In [1]:
import time
import random
import os
from selenium import webdriver
from selenium.webdriver.common.by import By
from selenium.common.exceptions import NoSuchElementException, ElementClickInterceptedException, TimeoutException
from selenium.webdriver.support.ui import WebDriverWait
from selenium.webdriver.support import expected_conditions as EC
from urllib.parse import urlparse, parse_qs, urlunparse, urlencode

def human_delay(min_s=3, max_s=8):
    time.sleep(random.uniform(min_s, max_s))

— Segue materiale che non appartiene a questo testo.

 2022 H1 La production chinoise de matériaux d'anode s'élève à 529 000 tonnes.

def wait_and_click(element, description=""):
    try:
        element = wait.until(EC.element_to_be_clickable(element))
        driver.execute_script("arguments[0].scrollIntoView({block: 'center', behavior: 'smooth'});", element)
        human_delay(1, 2)
        element.click()
        print(f"{description} cliccato con successo." if description else "Elemento cliccato con successo.")
        return True
    except Exception as e:
        print(f"Errore durante il click su {description}: {str(e)}")
        return False

def add_page_to_url(url, page_num):
    """Aggiunge o modifica il parametro page nell'URL"""
    parsed = urlparse(url)
    query = parse_qs(parsed.query)
    query['page'] = [str(page_num)]
    new_query = urlencode(query, doseq=True)
    return urlunparse(parsed._replace(query=new_query))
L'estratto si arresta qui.